Kaiser Permanente Washington Health Research Institute, 1730 Minor Ave Suite 1360 Seattle, WA 98101-1466, United States.
Human Centered Design & Engineering, University of Washington, Seattle, WA 98195, United States.
Am J Hypertens. 2024 Oct 14;37(11):868-875. doi: 10.1093/ajh/hpae088.
Out-of-office blood pressure (BP) measurement is recommended when making a new hypertension diagnosis. In practice, however, hypertension is primarily diagnosed using clinic BP. The study objective was to understand patient attitudes about accuracy and patient-centeredness regarding hypertension diagnostic methods.
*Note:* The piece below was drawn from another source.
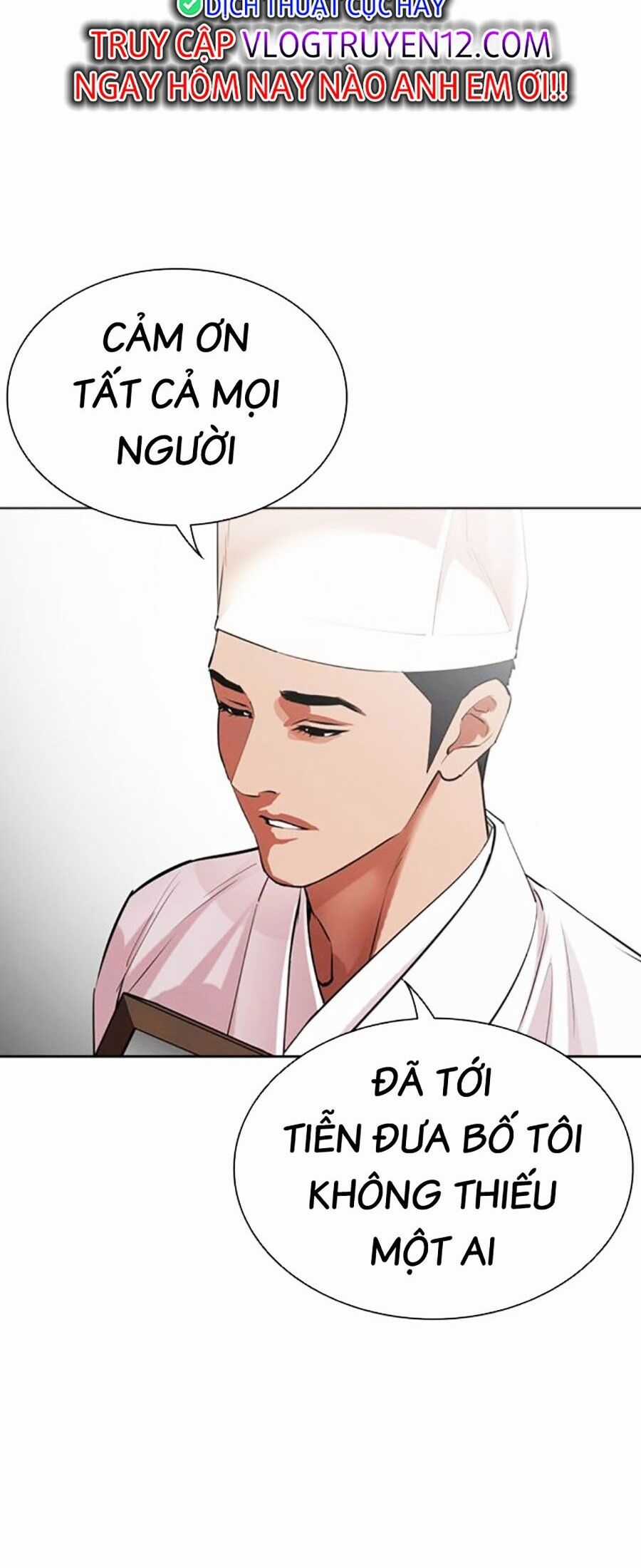 Lookism Chapter 496 trang 79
Qualitative study within a randomized controlled diagnostic study conducted between May 2017 and March 2019 comparing the accuracy and acceptability of BP measurement methods among patients in an integrated healthcare delivery system. All participants completed 24-hour ambulatory blood pressure monitoring (ABPM), plus either clinic BP, home BP monitoring (HBPM), or kiosk BP diagnostic testing. Qualitative interviewees (aged 31-76 years, n = 35) were recruited from the main study.
Participants who completed HBPM found it to be comfortable and low burden, and believed it produced accurate results. Participants in the clinic arm described clinic measurements as inconvenient. Participants in the kiosk arm overall did not favor kiosks due to concerns about accuracy and privacy. Participants described ABPM as the most accurate method due to repeated measurements over the 24-hour period in real-world contexts, but many found it uncomfortable and disruptive. Participants also noted methods that involved repeated measures such as HBPM and ABPM particularly influenced their understanding of whether or not they had hypertension.
Hypertension diagnostic methods that include more BP measurements help patients gain a deeper understanding of BP variability and the lower reliability of infrequent measurements in the clinic. These findings warrant implementing strategies to enhance out-of-office BP diagnostic testing in primary care.
Trial number NCT03130257.
在进行新的高血压诊断时,建议进行非诊室血压(BP)测量。然而,在实践中,高血压主要通过诊室血压进行诊断。本研究旨在了解患者对高血压诊断方法的准确性和以患者为中心的态度。
这是一项在 2017 年 5 月至 2019 年 3 月期间在一个综合医疗保健提供系统中进行的、比较 BP 测量方法准确性和可接受性的随机对照诊断研究中的定性研究。所有参与者均完成 24 小时动态血压监测(ABPM),外加诊室 BP、家庭 BP 监测(HBPM)或 kiosk BP 诊断测试。从主要研究中招募了 35 名年龄在 31-76 岁之间的定性受访者。
完成 HBPM 的参与者认为它舒适且负担低,并认为它能产生准确的结果。在诊室组的参与者描述了诊室测量的不便。由于对准确性和隐私的担忧, kiosk 组的参与者总体上不喜欢 kiosk。参与者描述 ABPM 是最准确的方法,因为它在现实环境中进行了 24 小时的重复测量,但许多人认为它不舒服且具有干扰性。参与者还指出,像 HBPM 和 ABPM 这样涉及重复测量的方法特别影响他们对是否患有高血压的理解。
包括更多 BP 测量的高血压诊断方法有助于患者更深入地了解 BP 变异性以及在诊室中不频繁测量的较低可靠性。这些发现需要实施策略来加强初级保健中的非诊室 BP 诊断测试。
试验编号 NCT03130257。